Michael Kors is in good spirits. The seller of relatively affordable luxury clothes and handbags reported today (June 1) that its total sales for the year rose 7.8% to $4.7 billion. Long a mall and department store staple, the brand is thriving even as those US retail institutions suffer.
John Idol, the brand’s CEO, noted two important new strategies on a call with analysts this morning: One is that Michael Kors is deliberately pulling back on its wholesale business to department stores. The other is that it’s ramping up its business in Asia, especially in China. As far apart as those two moves may seem, they aren’t unrelated.
Sales in Asia increased an impressive 216.4% in the fourth quarter, reaching $65.5 million. In greater China, including Hong Kong, Macau, and Taiwan, sales for the full year totaled $197 million. That success didn’t come overnight. The brand has been steadily investing, and through its licensee, Michael Kors (HK) Limited, built a network of 91 retail stores and six travel retail spots that the licensee operated.
Given the size and success of its operations there, it’s taking the next step, and closed a deal to acquire the licensee for $500 million. “We believe that Asia will ultimately be a $1 billion market,” Idol said, adding that the acquisition is the “cornerstone” of that business.
The deal lets Michael Kors take full control of the retail network it has built, and it’s well-positioned to capitalize. Even though China’s spending on high-end stuff has slowed in recent years, its middle class is mushrooming. A report last year by Morningstar, an equity research firm, estimated that between 2012 and 2022, the country will add 119 million new middle-class households, who are hungry to buy “aspirational luxuries.”
The fashion brands that should benefit, according to Morningstar, are those that offer a palatable first taste of luxury to new consumers.
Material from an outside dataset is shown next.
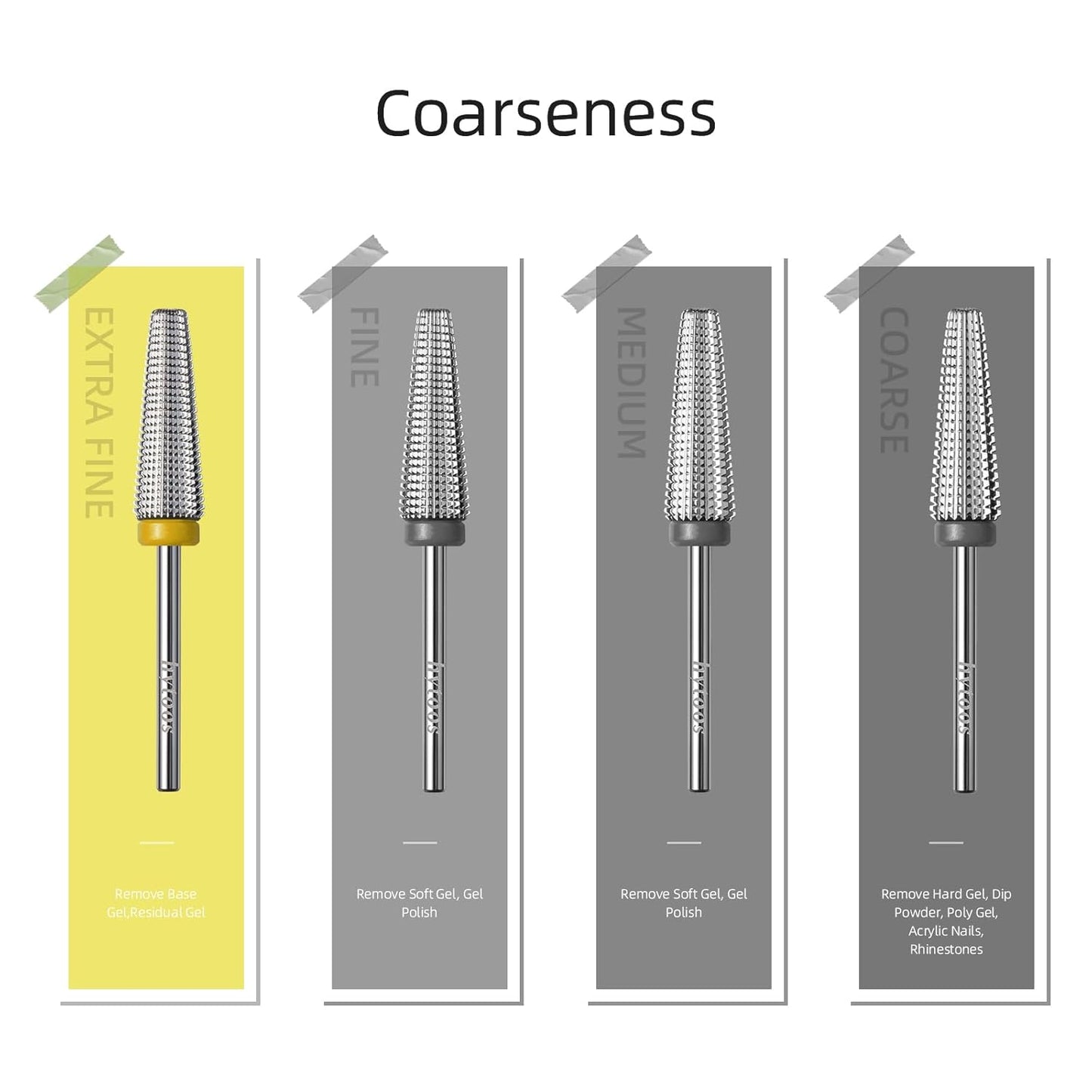 Long 5 in 1 Nail Drill Bits, XF 20mm Carbide Tapered Nail Bit, Straight Cut Safety Drill Bits for Nails, 3/32 Two-way, Electric Manicure Drills Removal Base Coat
In other words, expensive—but not too expensive. They named Ralph Lauren, Coach, and Swatch as likely beneficiaries of the swell of middle-class buyers. While they didn’t name Michael Kors explicitly, it fits perfectly, and has plenty of room to grow as it’s less exposed in China than pricier labels such as Prada and Gucci.
For years, these brands played the same role to US middle-class shoppers, largely through sales at department stores. But department stores continue to suffer, and brands such as Coach are starting to create some distance. In a shift to its retail strategy, Michael Kors is following suit.
Idol said department stores have relied too heavily on discounting, which hurts the Michael Kors brand image and its margins.
Even so, Michael Kors sales are strong in the Americas, growing 4.6% to $879.1 million in the fourth quarter, and Idol said any press claiming the brand had lost its shine with customers is “just flat out not true.” What’s changed is where they shop. The brand expects to get less revenue from wholesale and more from e-commerce and its own retail stores, in the US and China. So while one door may be closing, another is opening.